◆ Exercise goal
With the pictures left out, print exactly the lines below that run from the one containing "Schell KAMPINIS VOŽTUVAS" through the one containing "Bertrand.pt - Gender".

Crawled caption data
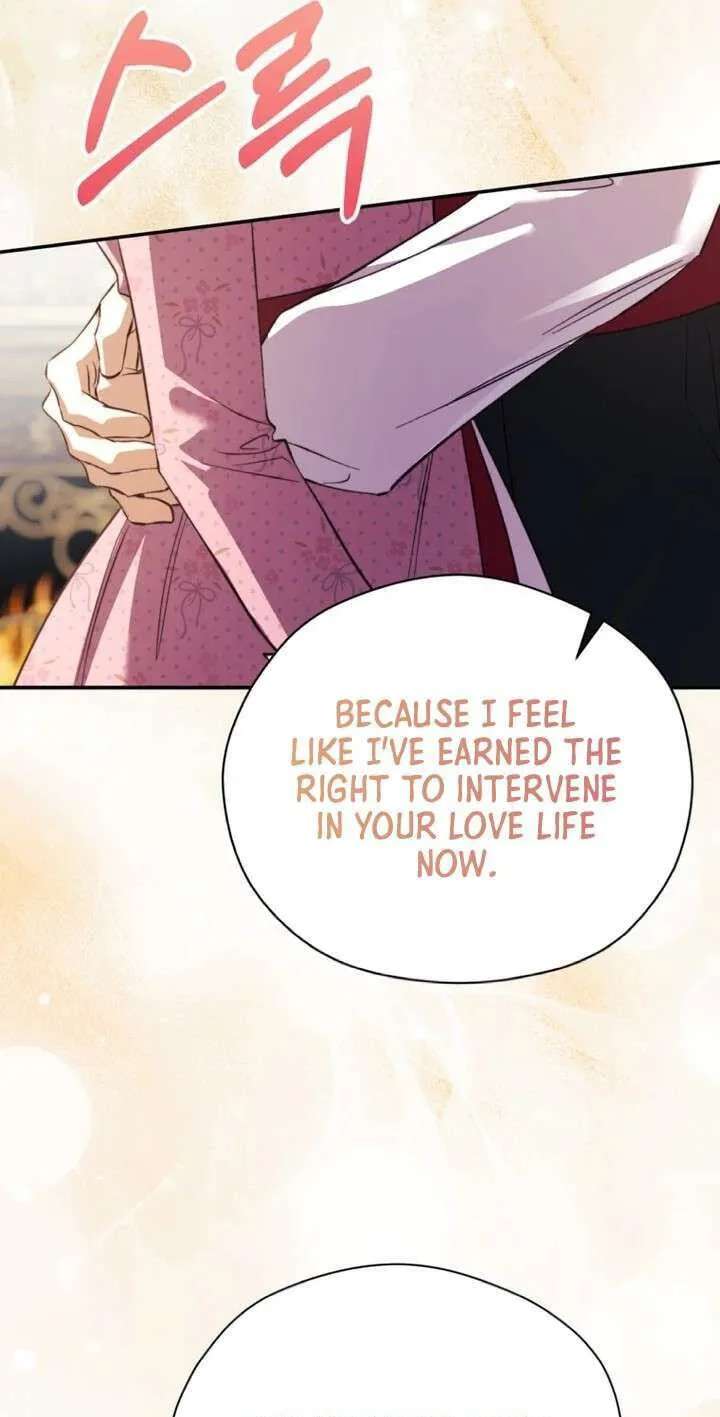 The Immoral Duke Needs to be Homeschooled Chapter 61 - page 59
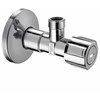 Schell KAMPINIS VOŽTUVAS SU FILTRA 250 µm 1/2' X 1/2', CROMAS, BE veržlės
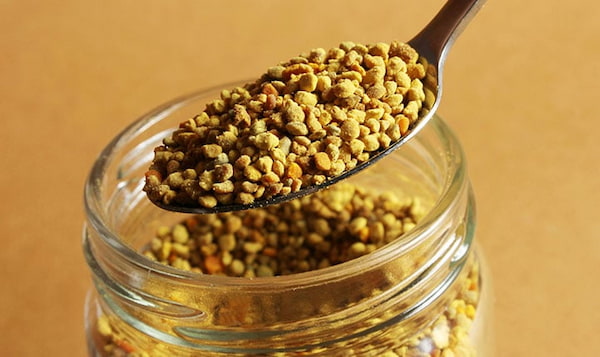 تصویر 5 از فروش گرده گل کوهستان + قیمت خرید به صرفه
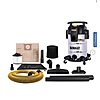 DeWalt 8-Gallon 4 HP Stealthsonic Quiet Stainless Steel Wet Dry Vacuum $75.99 free Shipping Costco.com
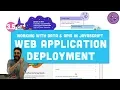 3 5 Web Application Deployment Glitch and Heroku - Working with Data and APIs in JavaScript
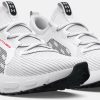 Intersport Under Armour UA HOVR Phantom 3 SE uni white/black Zapatillas running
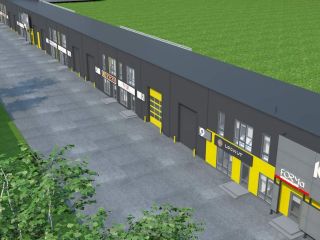 Сдам помещение под склад асфальтная дорога подключена канализация фото 7 Ижевск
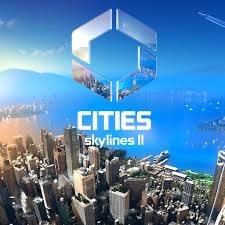 Zdjęcie oferty:  cities skylines 2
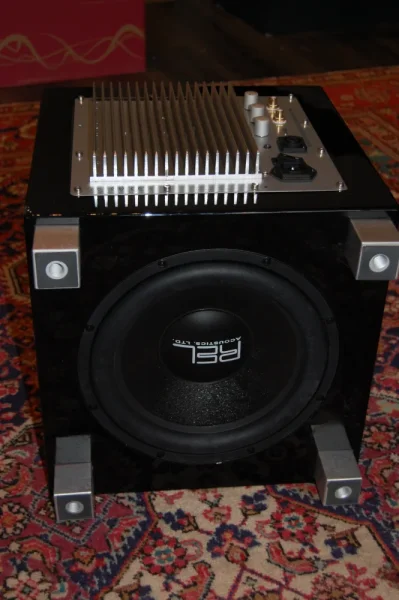 REL T9 REL T9 - Bild 3 av 4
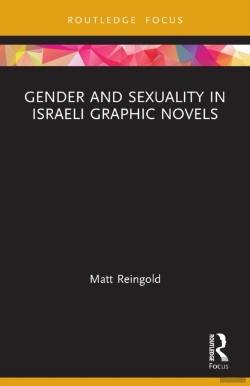 Bertrand.pt - Gender And Sexuality In Israeli Graphic Novels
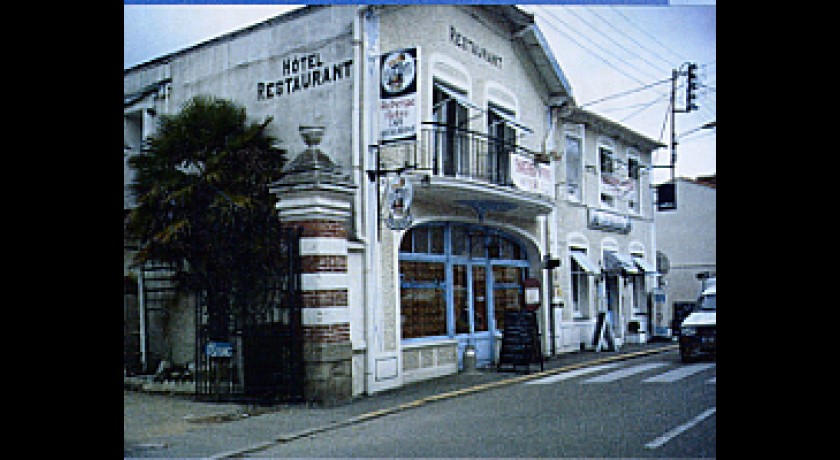 Hotel Restaurant Bourgneuf En Retz Hotel Restaurant Bourgneuf En Retz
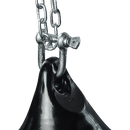 30L Water Punching Bag Aqua with D-Shackle and Chain [ONLINE ONLY]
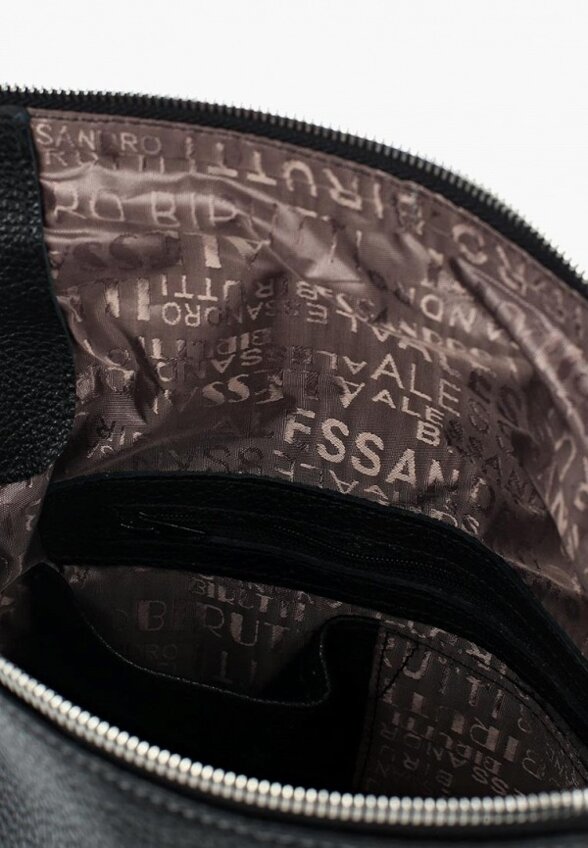 Сумка Alessandro Birutti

◆ Answer to the exercise
 Schell KAMPINIS VOŽTUVAS SU FILTRA 250 µm 1/2' X 1/2', CROMAS, BE veržlės
 تصویر 5 از فروش گرده گل کوهستان + قیمت خرید به صرفه
 DeWalt 8-Gallon 4 HP Stealthsonic Quiet Stainless Steel Wet Dry Vacuum $75.99 free Shipping Costco.com
 3 5 Web Application Deployment Glitch and Heroku - Working with Data and APIs in JavaScript
 Intersport Under Armour UA HOVR Phantom 3 SE uni white/black Zapatillas running
 Сдам помещение под склад асфальтная дорога подключена канализация фото 7 Ижевск
 Zdjęcie oferty:  cities skylines 2
 REL T9 REL T9 - Bild 3 av 4
 Bertrand.pt - Gender And Sexuality In Israeli Graphic Novels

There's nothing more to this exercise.